When polled regarding the primary source for news about their region of Alabama, a majority of those surveyed (56 percent) said from local television newscasts. Daily newspapers and the Internet trailed at 15 percent and 14 percent, respectively, followed by local radio, chosen by 6 percent, weekly newspapers, 3 percent and friends and neighbors, 1 percent.
Noting the generational shift behind these numbers, David Hill, associate director of Auburn University’s Center for Governmental Services, observes that “there is a new generation of news consumers and they are going to the Web more often than their parents do.”
The poll found that 20 percent of Alabama residents between the ages of 18 and 34 rely mostly on Web sites for news while only 4 percent of residents over age 55 do.
Don-Terry Veal, director of the Center for Governmental Services and advisor to local governments, says, “Local governments and public schools are learning that to effectively communicate with the public, particularly young families, you must have an Internet-communications strategy. This survey confirms that observation.”
The research also uncovered evidence of a so-called “digital divide,” where the better educated and more affluent are more likely to be using the Internet. Polling manager Patrick Rose said that his analysis shows that “persons with annual incomes over $70,000 are two to three times more likely to get news from the Internet than those with incomes under $50,000.”
However, there may be a ceiling on the Internet’s growth unless more Alabama households get high-speed service, referred to as broadband. The poll found that just six in 10 households have true high-speed Internet service, something most get from their cable operators. The State of Alabama has a broadband initiative that is attempting, with federal stimulus funds, to push deeper into unserved and underserved rural and inner city areas to increase the availability of broadband Internet service to Alabama homes and businesses (www.connectingalabama.gov).
The survey found that Internet users are accessing the Web even when they are not at home. Many use the Internet at their jobs. Only one in four residents “never” visits the Internet on a typical day. On average, one-third of all Alabama residents accesses the Internet more than four times each day.
The Ask Alabama survey results are based on telephone interviews with a stratified random sample of 639 adult householders conducted July 6-19. The sample’s geographic, gender, race and age distributions were weighted to be proportionate to the U.S. Census Bureau’s data for Alabama’s adult (18 years of age or older) householders.
Patrick Rose, manager of the center’s Survey Research Laboratory that conducted the interviews, said that poll results based on the full statewide sample have a margin of error of plus or minus 4 percentage points.

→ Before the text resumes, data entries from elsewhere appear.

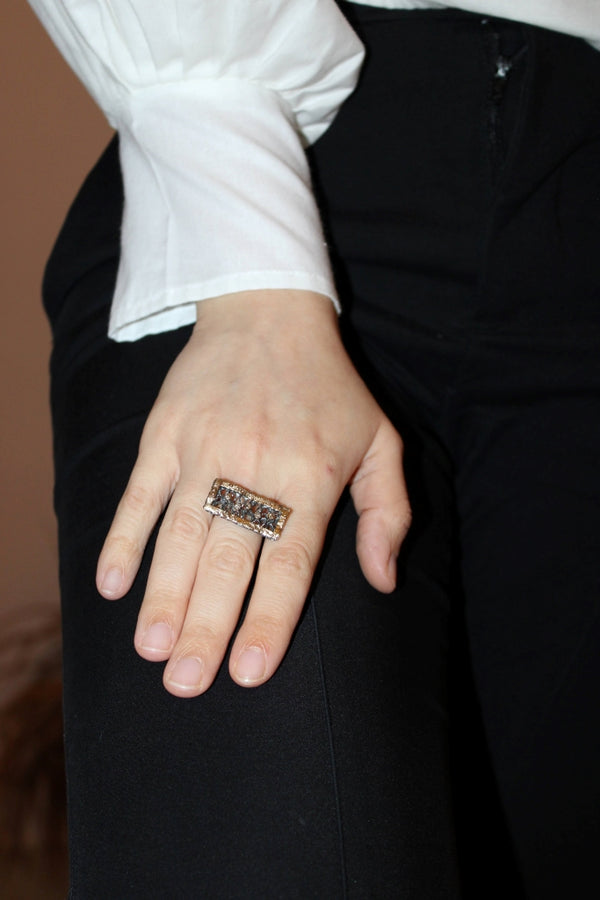 Cassiopeia |Ring|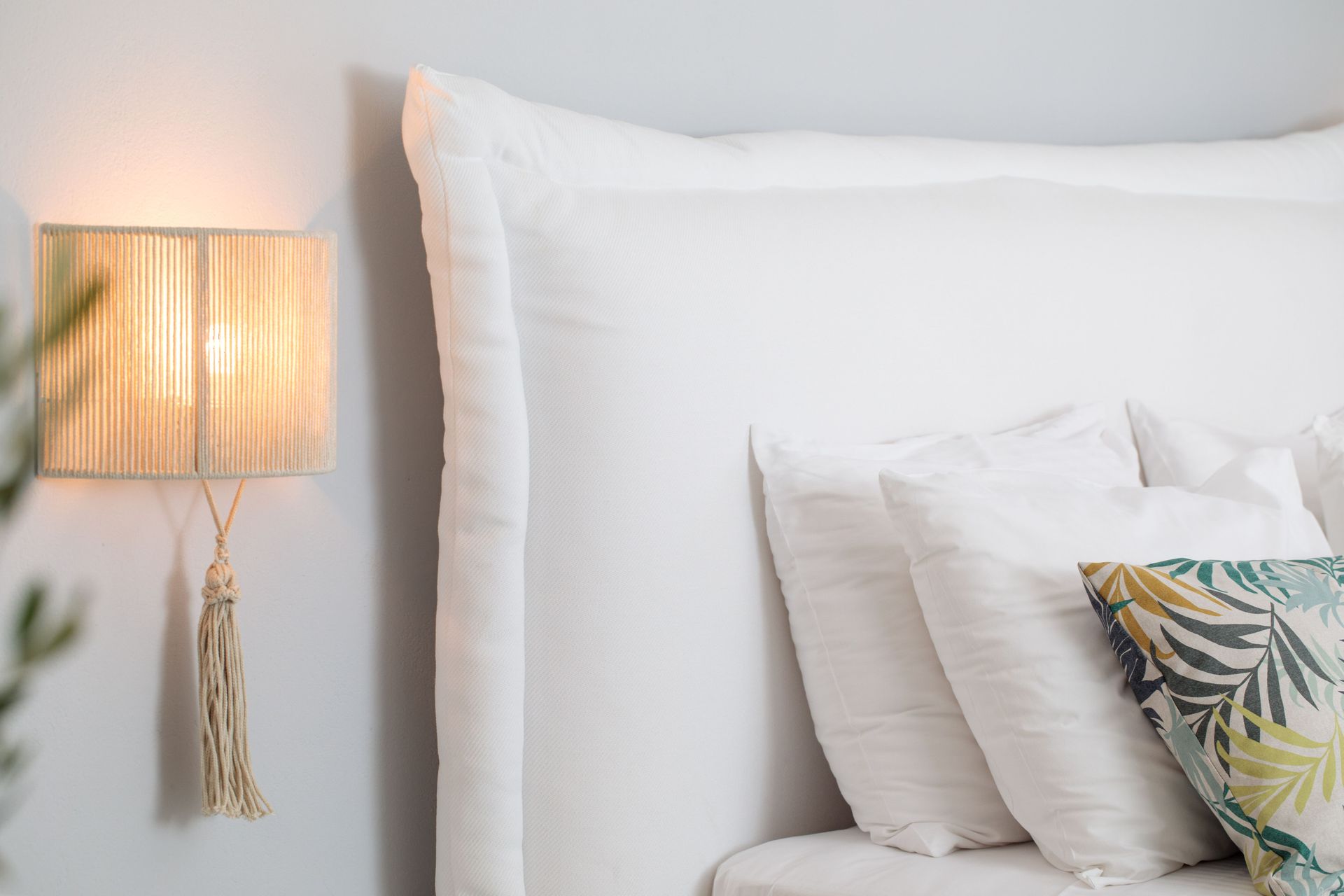 Superior Double Studio on medium or top floor with Balcony partial Sea View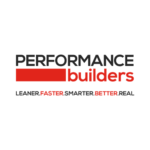 Caspian Cleaning Performance Builders Logo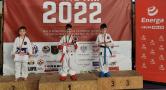 Międzynarodowym Turnieju Grand Prix Tczew Karate WKF
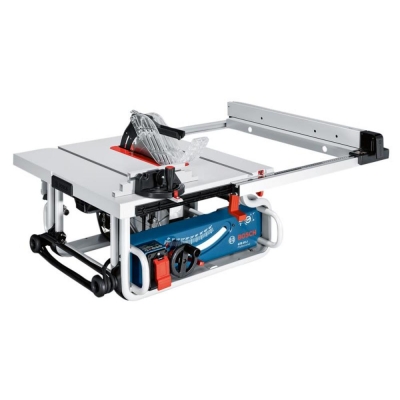 BOSCH   GTS10J TABLE SAW 1800W 254MM 240V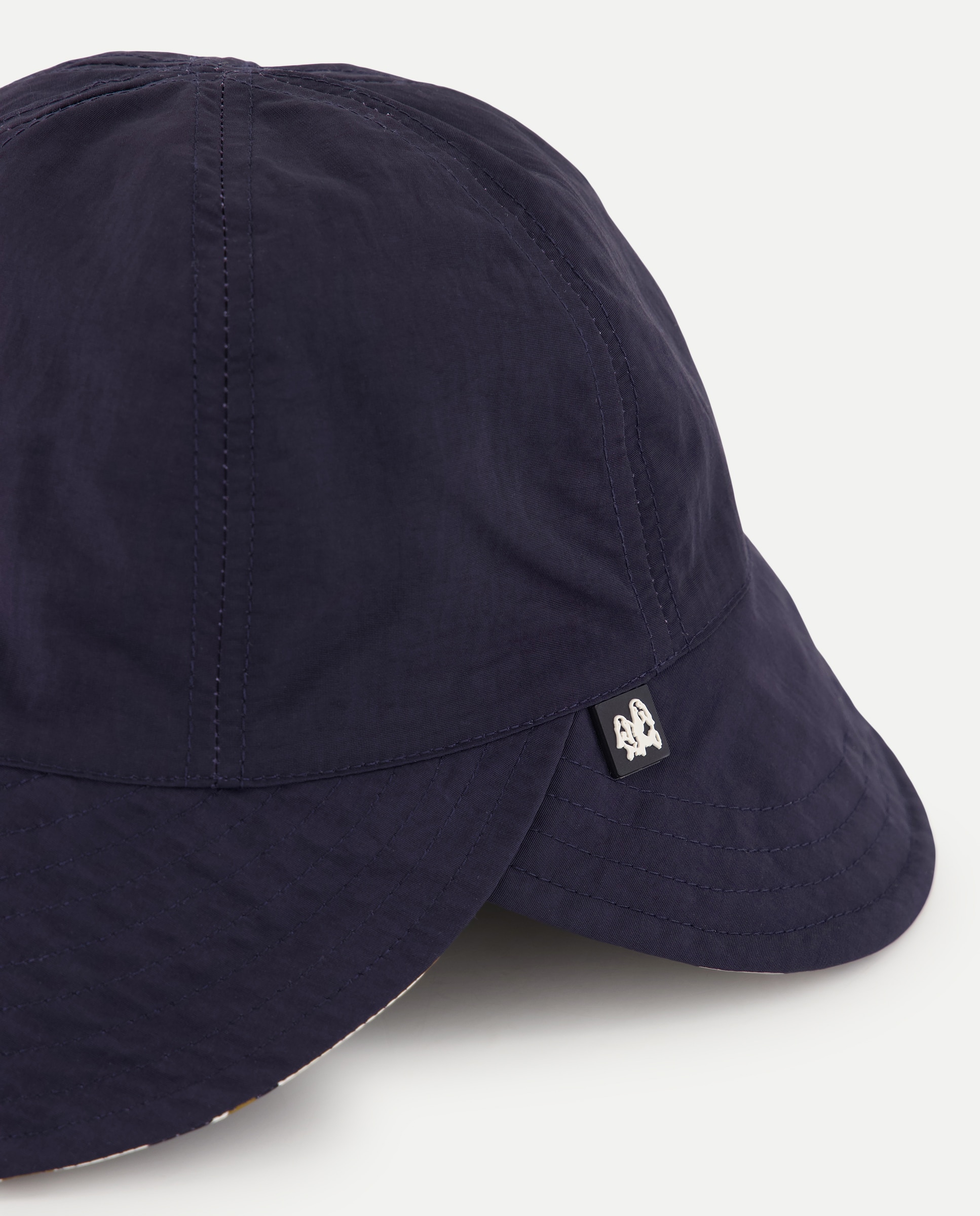 Gorro de mujer - Jo & Mr. Joe - Blanco roto Blanco roto-3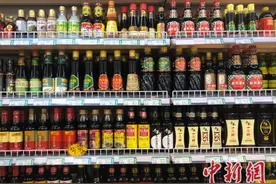 酱醋龙头“跌妈不认”，双汇龙大还来抢食，找亏？图片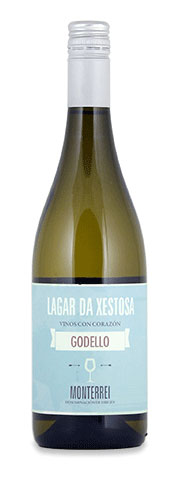 Lagar da Xestosa Godello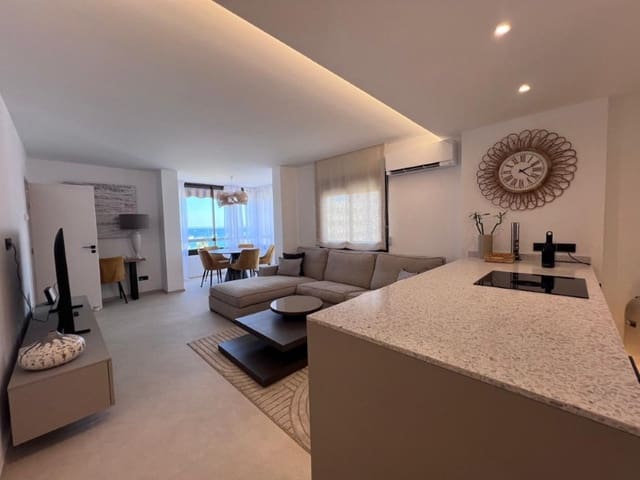 2 soveværelse Lejlighed til leje i Palmanova, Calvià - € 2.200 (Ref: 9237273)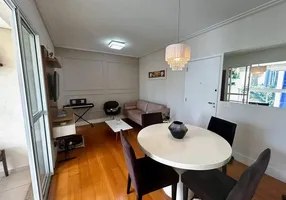 Foto 1 de Apartamento com 2 Quartos à venda, 76m² em Vila Suzana, São Paulo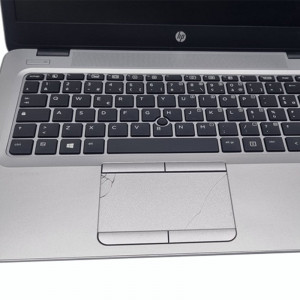 Laptop HP ELiteBook 840 G3 14", Intel Core i5-6200U 2.3GHz, 8GB DDR4, SSD 256GB, 1366x768, fara baterie - Img 5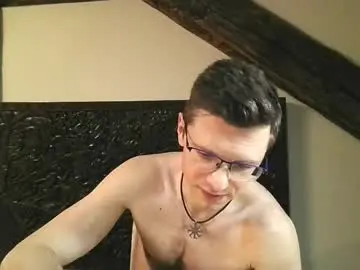 Chaturbate Adult Video Chat of lumberjack__666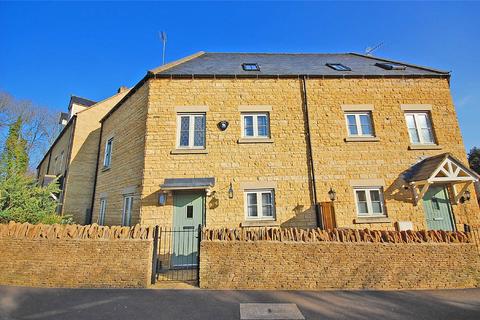 4 bedroom semi-detached house for sale, Coln Gardens, Andoversford, Cheltenham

The Ask Alabama Poll is to be conducted quarterly by the Center for Governmental Services, a unit of Auburn University Outreach that provides research, consulting and training to government agencies, not-for-profit associations and private sector clients.
Upcoming polls will include:
State Image – How Alabama is seen as a place to raise a family, reitre, start a business or look for a job; and
Jobs – What Alabama job seekers want.